В Москву на сессию в Литинститут мы частенько ехали вместе, но жили в соседних комнатах. Мы с Мишей Пляцковским, а он, как всегда, с Геннадием Серебряковым. Держался Валя всегда уверенно, сдавал экзамены бойко, умудряясь за ночь подготовиться к любому предмету.
И все же — вбежал он как-то ко мне:
— Займи три стиха!..
— Что? — удивился я — как это занять стихи, мы же не похожи с тобой, у нас разные почерки…
— Ничего, — умолял он, — я напишу их лесенкой, никто не разберет. Дай, а то, понимаешь, парочку я наскреб, а для зачета не хватает… Мало у меня их, понимаешь?
Я не понял. Как он выкрутился уж не знаю: может, Сельвинский, у которого Валентин был на семинаре, пожалел его, а может, заговорил старого поэта и тому хватило несколько привезенных Валентином стихов, и тот заслушался, и, увлеченный Валиным обаянием, поставил-таки ему зачет. Неважно…
Важно же то, что он мне все-таки по-дружески отомстил.
Мы уже собирались домой, Пляцковский куда-то вышел. Скорятин зашел в комнату с каким-то свертком, попросил учебник профессора Артамонова по средним векам и сказал, что Геннадий Серебряков просит меня зайти на минуточку.
Уже в вагоне, почувствовав по дороге непривычную тяжесть чемодана, я обнаружил в нем под вещами и книгами — сверток. В нем оказался довольно грязный кирпич.
4
А с самим Ильей Львовичем Сельвинским, хоть и сдавал ему зачет по теории поэзии — стихосложению, я встретился вне аудитории и разговаривал всего один раз.

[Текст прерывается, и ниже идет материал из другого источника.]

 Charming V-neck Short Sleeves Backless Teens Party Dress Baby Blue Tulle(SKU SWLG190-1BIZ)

Я давно уже не жил на его даче, которую занимали студенты-заочники, когда его в Переделкине не было. Кстати, размещались студенты и на других дачах, в частности, и на даче Леонида Леонова, неподалеку. Я уже был членом Союза писателей, как правило, каждый год, как фронтовик, получал бесплатно путевку в любой из нескольких литфондовских домов творчества.

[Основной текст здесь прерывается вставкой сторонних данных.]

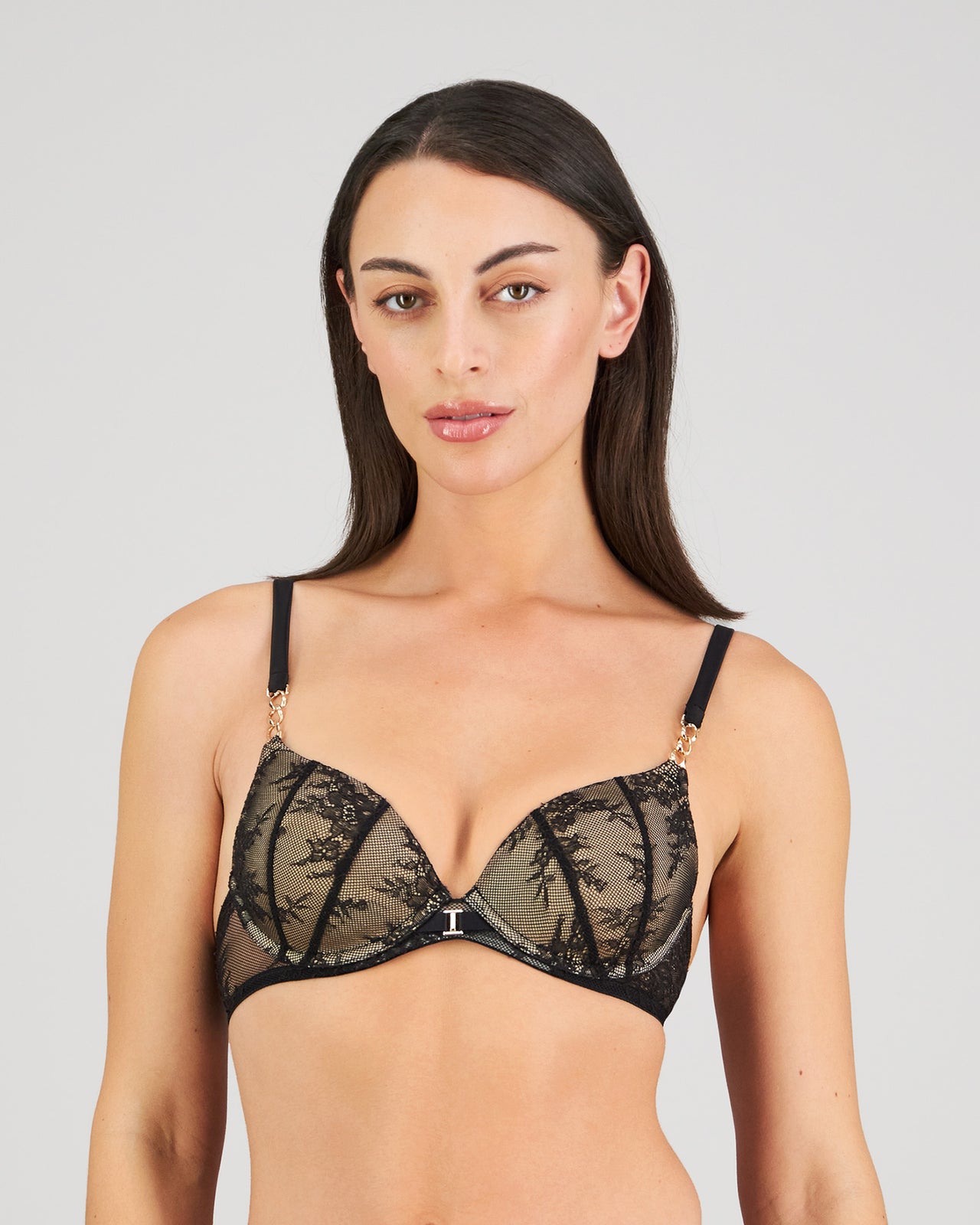 Model wears Scarlet Lover Push Up Bra in BLACK. On body front view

И вот, работая в Переделкино, вышел я как-то к автобусной остановке, доехать до электрички в Москву. У ворот Дома творчества стоял Илья Львович. Седой, грузный, чуть нахохленный. Я сказал ему, что, как говорится, благодарен ему за науку и особенно, а то, что, приняв у нас зачет, он сказал: «Теперь я уверен, вы знаете все особенности стихосложения, сколько в ямбе, хорее, анапесте, и так далее, слогов стоят под тем или иным ударением, а теперь все забудьте и пишите, душой ощущая тот или иной размер…» И еще я сказал, что несколько раз жил на его даче. Что даже заходил в его пустой кабинет, и мне казалось: стою у него за спиной…

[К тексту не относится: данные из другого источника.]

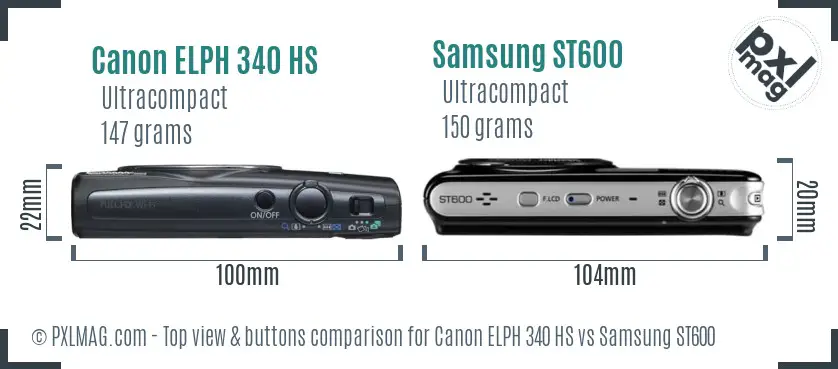 Canon ELPH 340 HS vs Samsung ST600 top view buttons comparison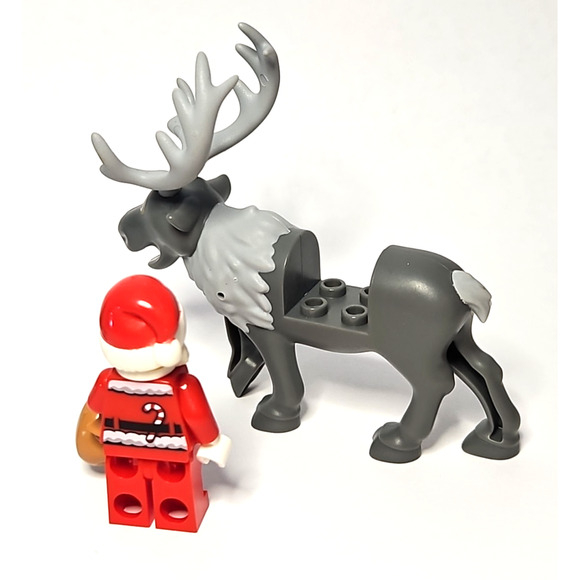 Lego Christmas Minifigure Lot Santa Claus Tree Presents Reindeer Holiday Set - Picture 2 of 3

— Знаете что? Давайте пройдемся по травке, вон она какая после дождичка свеженькая, — предложил он.
Мы вошли в нее вблизи автобусной остановки, сбивая с ее верхушек алмазные капли. Он попросил прочесть стихи. Прочитал. Потом он попросил послушать его новое стихотворение. Я слушал его чуть глуховатый голос и больше думал о себе: вот, мол, хожу рядом с самим Сельвинским, разговариваю на равных и сам Илья Львович читает мне свои стихи… Трава колыхалась ветерком. Мы шли по ней, как по прошедшему дождику, вновь ощущая его прохладное прикосновение. Наши брюки промокли до колен. В туфлях слегка хлюпало. Но мы не замечали этого…
Уже в автобусе он сказал:
— А знаете, сам Слуцкий похвалил эти стихи!
Я согласно кивнул. Честно говоря, я слушал не очень внимательно, захваченный мыслью о том, что вот так запросто встретившись, сам Сельвинский читает стихи мне!.. Мне!.. А кто я такой по сравнению с ним? Он что-то еще говорил, а мозг мне сверлило: «Сам Слуцкий… Сам!..» И это говорил сам Сельвинский!
Вероятно, восходящая слава Слуцкого захватила и его. И он гордился этой похвалой, седой, крепкий, широко известный, маститый поэт. Мастер дорожил оценкой своей работы другого мастера и, не стесняясь, радовался как ребенок.